People head to the salon to get gorgeous — but with overdone, badly executed or unnecessary treatments, many end up with ugly results. “I see beautiful people who are in a mess because they get suckered into ruining what they have,” says Dr. Debra Jaliman, an American Academy of Dermatology spokesperson and the author of the Skin and Hair chapter in “Women’s Health for Life.” Here, we run down some potentially counterproductive beauty treatments out there — and tell you how to avoid unattractive outcomes.

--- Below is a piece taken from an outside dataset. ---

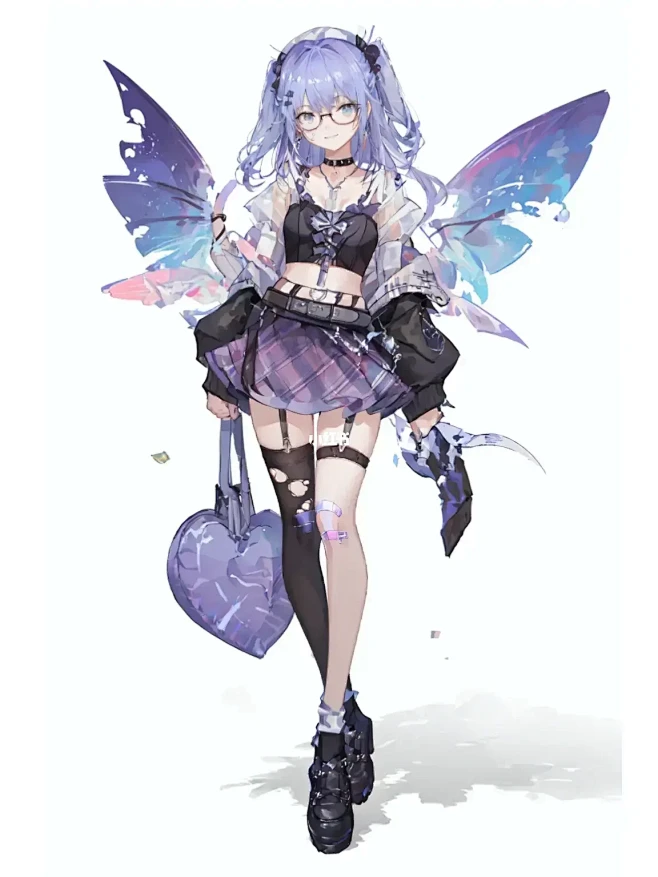 Ai地雷系女子可爱登场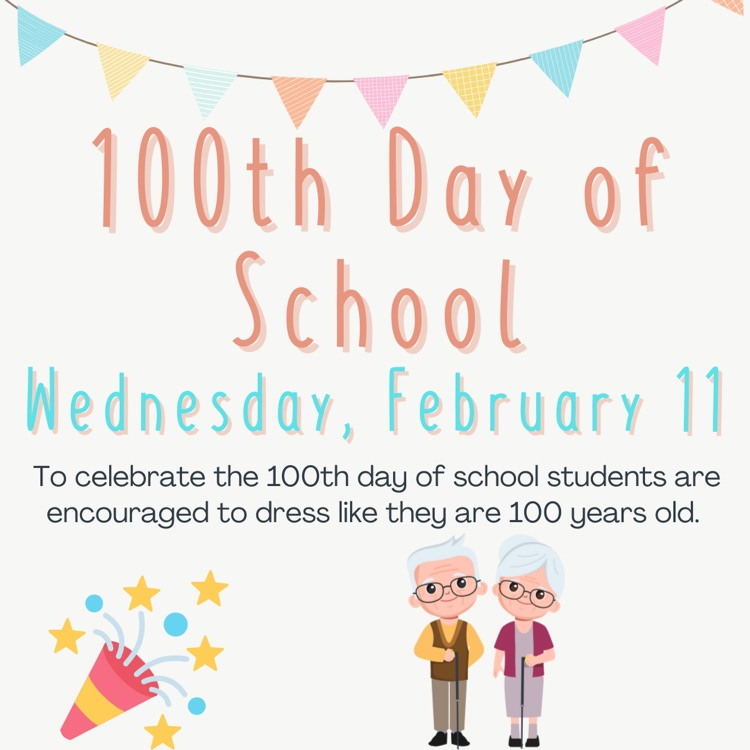 100th day of school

It’s not bleaching that’s the problem — it’s overbleaching. While creams can be effective for discoloration from the sun or birth control pills, they should be applied in specific spots for a very limited amount of time. “You’re supposed to use [a prescription cream] for two weeks, six weeks, eight weeks,” says Jaliman, who never doles out unlimited refills. “It’s crazy to use it for years.” That’s because such creams usually contain hydroquinone, a potential carcinogen that inhibits melanin productions and should be used only in small concentrations: Two percent is the maximum over-the-counter concentration, and most prescription creams contain 4 or 6 percent. Hydroquinone has been banned in France because, among other side effects, it can cause ochronosis, an extremely rare disease that discolors cartilage pigment, making the skin appear blue-black. Still, creams with illegal levels of hydroquinone are available from local ethnic shops that stock them for communities that associate lighter skin with beauty or prestige — and on the Internet black market. An investigation by the Chicago Tribune found that imported skin bleaching creams also often contain the toxic chemical mercury.
Latisse Eyelash-Lengthening Solution
The TV ads for Latisse feature glowing actresses with impossibly full lashes. But for a small percentage of people, eyelash-lengthening products mean red-rimmed raccoon eyes. Latisse, a prescription solution that promises lush lashes, has some unpleasant side effects, including reversible eyelid darkening, permanent brown pigmentation in the colored part of the eye and hair growth on the skin that Latisse frequently touches. While Jaliman feels that Latisse is generally safe, she disagrees with the product’s directions. “The company says to use it before you go to bed, but when you sleep, you rub your eyes, you’re on a pillow, maybe you sweat,” she says. “I think people get dark when the product gets onto your lower lid when you’re sleeping.” Instead, she recommends applying the gel to the lash line during the day. And those who get red or swollen eyes should stop using Latisse completely.